Try it » When you restate the data, keep every word as it is and drop the images.

Collected data »
((
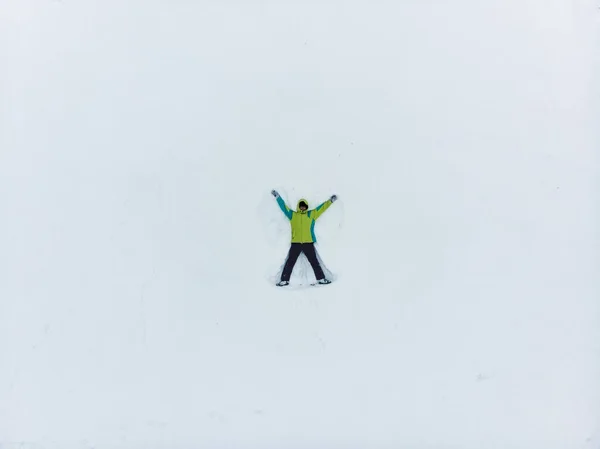 Εναέρια Άποψη Του Ανθρώπου Κάνοντας Χιόνι Άγγελος Αντίγραφο Χώρο — Φωτογραφία Αρχείου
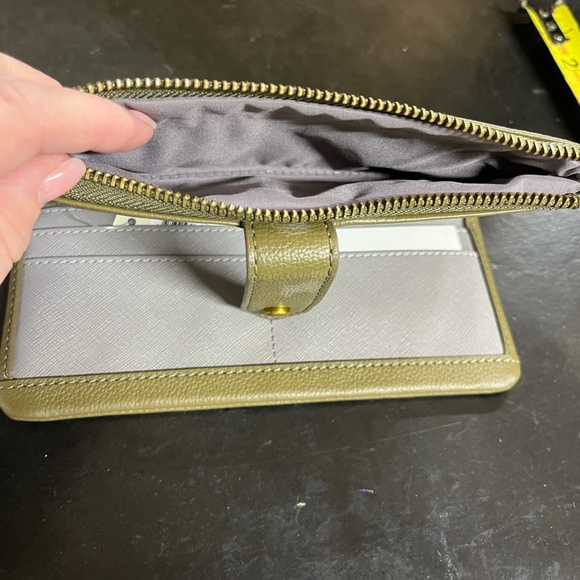 Fossil Wallet, Olive Green, gently used - Picture 6 of 6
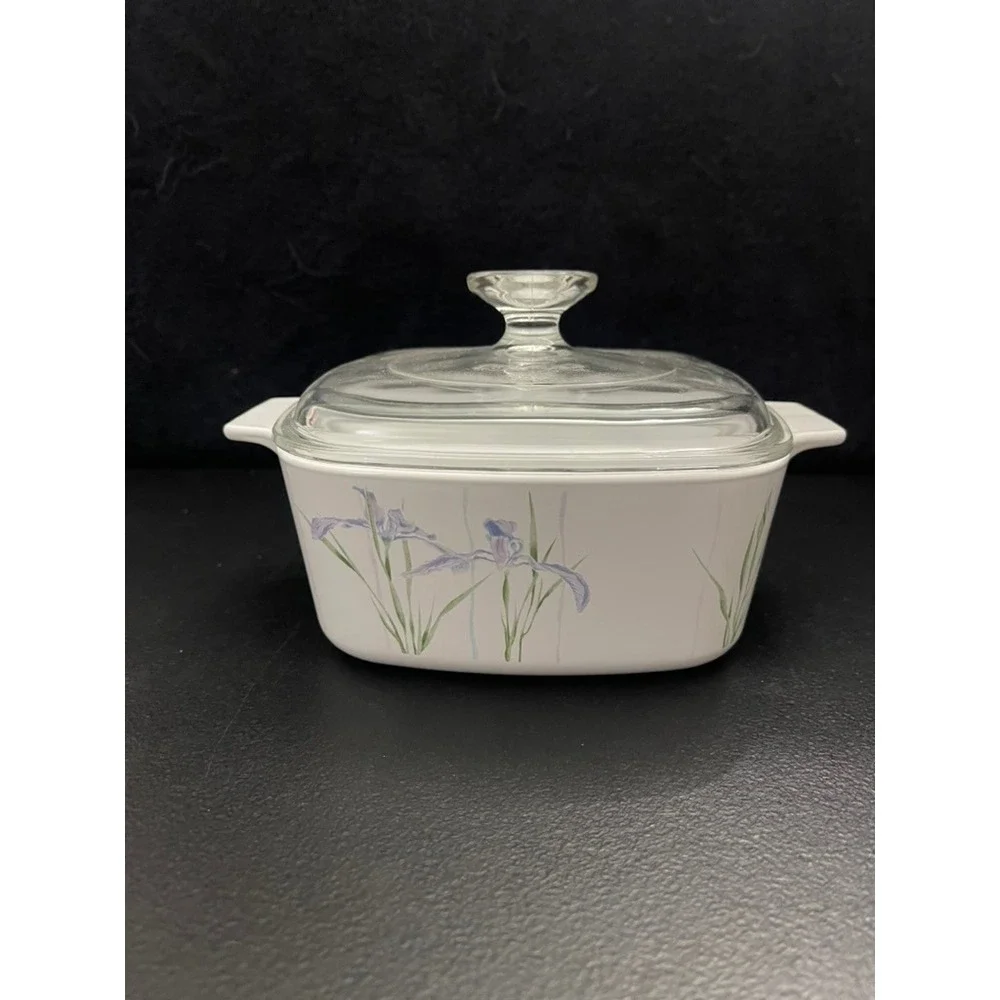 Corning Ware Iris Casserole Dish w/Glass Lid Square White Floral Baker 1.5 Liter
))
Expected output »
 Εναέρια Άποψη Του Ανθρώπου Κάνοντας Χιόνι Άγγελος Αντίγραφο Χώρο — Φωτογραφία Αρχείου
 Fossil Wallet, Olive Green, gently used - Picture 6 of 6
 Corning Ware Iris Casserole Dish w/Glass Lid Square White Floral Baker 1.5 Liter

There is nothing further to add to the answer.